◆ **RECORD EXTRACTS**:
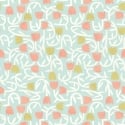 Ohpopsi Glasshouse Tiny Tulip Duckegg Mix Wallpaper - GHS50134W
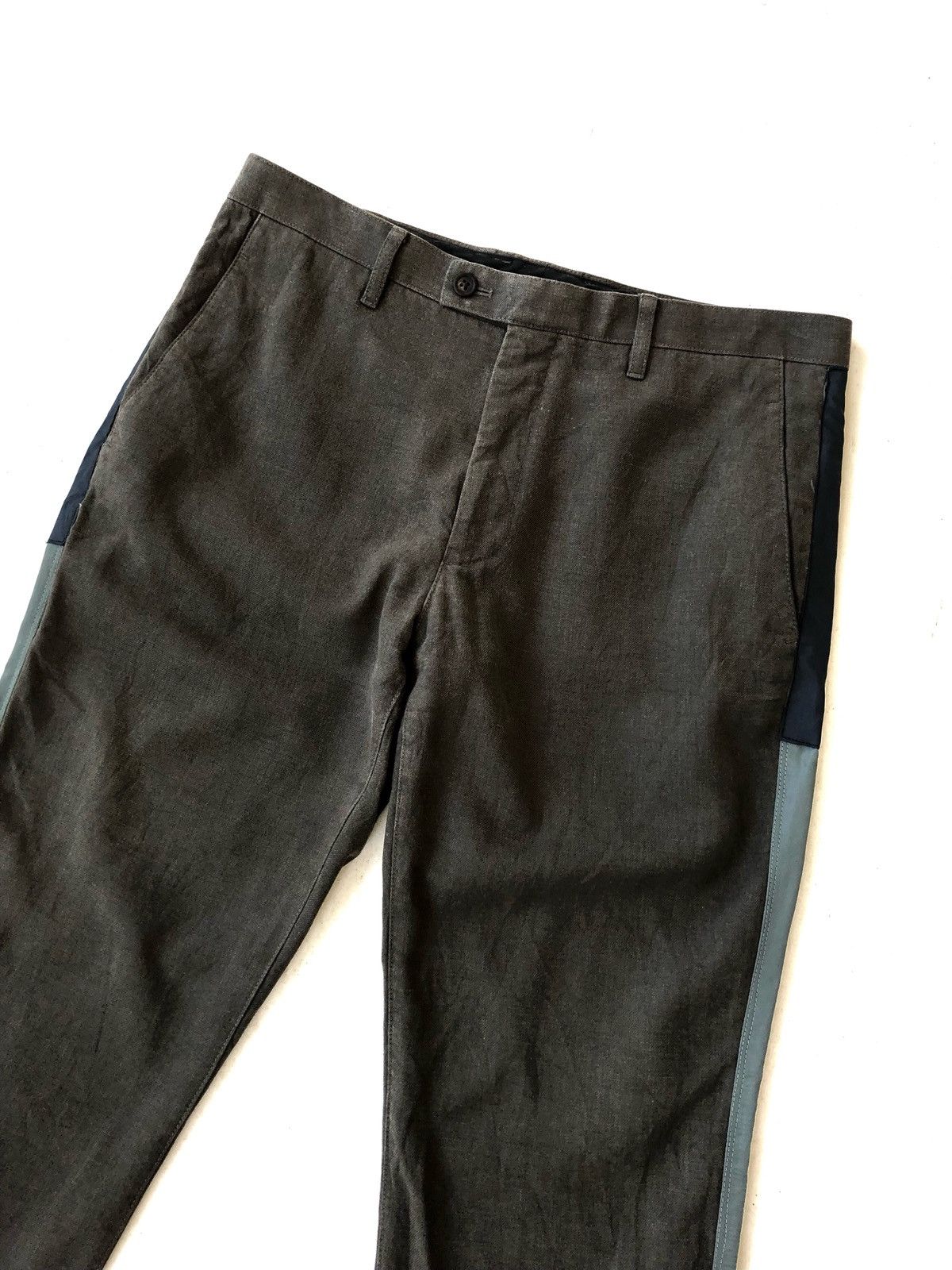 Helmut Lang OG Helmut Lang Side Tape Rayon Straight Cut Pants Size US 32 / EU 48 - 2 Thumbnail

==

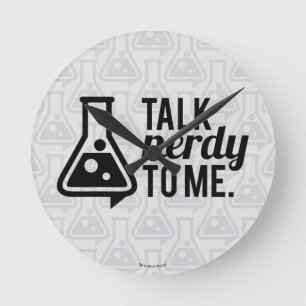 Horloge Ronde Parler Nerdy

◆ **ASSIGNMENT**:
Transcribe, word for word, the lines of the listing above from the one that contains "Ohpopsi Glasshouse Tiny" through the one that contains "Helmut Lang OG", keeping both ends and dropping the pictures.

◆ **YOUR SOLUTION**:
 Ohpopsi Glasshouse Tiny Tulip Duckegg Mix Wallpaper - GHS50134W
 Helmut Lang OG Helmut Lang Side Tape Rayon Straight Cut Pants Size US 32 / EU 48 - 2 Thumbnail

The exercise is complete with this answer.